Can you find a function such that if you approximate its integral over some range by n rectangular strips, you get that sum? Then the limit would just be the integral over that range.

 

[quasar987]

I think there's a more direct approach.

Remember that a series is a sequence of partial sums. The general term of the sequence is

$$a_n=\sum_{k=1}^{n}\frac{k}{n^2} = \frac{1}{n^2}\sum_{k=1}^{n} k=?$$

You know how to do that sum on the left, and thus you can find an explicit form of the general term. Just take the limit.

 

[Frillth]

I'm not really sure what you mean by the explicit form of the general term. Can you give me a little more help, please?

 

[quasar987]

Do you know what

$$\sum_{k=1}^{n} k$$

sums to? It's sometimes called "Gauss' sum" named after the 8 years old who found the value of the sum in his head when asked to compute the sum of the first 50 integers.

 

[StatusX]

So you can get that sum directly in a few different ways, the simplest of which is to consider the pictures:

*0

**0
*00

***0
**00
*000

etc.

If you know that formula, that's definitely the easiest way. What I was suggesting might be overkill, and I was thinking of it because it's the way you would go about this if you had a higher power of k, ie:

$$\sum_{k=1}^{n}\frac{k^p}{n^{p+1}}$$

 

[Frillth]

Oh, duh! I can't believe I didn't think of that.
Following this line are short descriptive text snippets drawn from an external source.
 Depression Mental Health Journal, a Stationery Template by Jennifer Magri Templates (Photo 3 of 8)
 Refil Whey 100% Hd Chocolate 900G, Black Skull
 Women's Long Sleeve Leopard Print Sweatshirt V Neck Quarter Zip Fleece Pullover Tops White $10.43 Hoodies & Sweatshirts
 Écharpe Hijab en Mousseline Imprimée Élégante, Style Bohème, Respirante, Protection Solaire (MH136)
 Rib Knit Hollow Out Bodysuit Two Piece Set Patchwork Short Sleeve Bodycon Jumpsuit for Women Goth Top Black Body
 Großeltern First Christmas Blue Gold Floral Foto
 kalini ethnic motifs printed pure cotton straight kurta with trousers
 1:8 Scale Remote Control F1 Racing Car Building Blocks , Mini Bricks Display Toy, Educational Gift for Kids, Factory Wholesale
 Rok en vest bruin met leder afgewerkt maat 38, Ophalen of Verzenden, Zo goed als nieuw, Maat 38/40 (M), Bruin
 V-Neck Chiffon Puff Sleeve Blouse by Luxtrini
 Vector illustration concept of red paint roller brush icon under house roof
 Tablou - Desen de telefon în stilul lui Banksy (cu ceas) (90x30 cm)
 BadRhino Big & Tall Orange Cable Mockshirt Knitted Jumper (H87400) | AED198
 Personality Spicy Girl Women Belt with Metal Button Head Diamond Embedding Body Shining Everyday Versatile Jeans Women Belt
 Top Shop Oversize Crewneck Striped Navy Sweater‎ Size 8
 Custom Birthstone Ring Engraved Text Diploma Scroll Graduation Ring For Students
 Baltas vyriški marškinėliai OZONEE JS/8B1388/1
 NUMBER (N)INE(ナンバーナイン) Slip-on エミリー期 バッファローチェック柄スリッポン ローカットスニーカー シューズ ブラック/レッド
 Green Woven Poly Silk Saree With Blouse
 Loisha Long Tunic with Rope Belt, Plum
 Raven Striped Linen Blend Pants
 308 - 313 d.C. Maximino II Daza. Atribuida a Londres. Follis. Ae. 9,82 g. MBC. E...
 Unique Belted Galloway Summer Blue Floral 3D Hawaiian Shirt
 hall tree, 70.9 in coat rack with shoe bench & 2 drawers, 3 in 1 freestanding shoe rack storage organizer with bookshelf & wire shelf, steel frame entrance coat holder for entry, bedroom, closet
Thanks!

 

[quasar987]

Generally, given an infinite series

$$\sum_{k=1}^{+\infty}b_n$$

you cannot put the general term $a_n=\sum_{k=1}^n b_n$ of the sequence of partial sums in a friendly form that allows for direct computation of the value of the series by just taking the limit:

$$\lim_{n\rightarrow +\infty}a_n$$.

But the series you're dealing with is one of these rare case where the general term has a friendly form in terms of n that allows for this method of calculating the sum to work.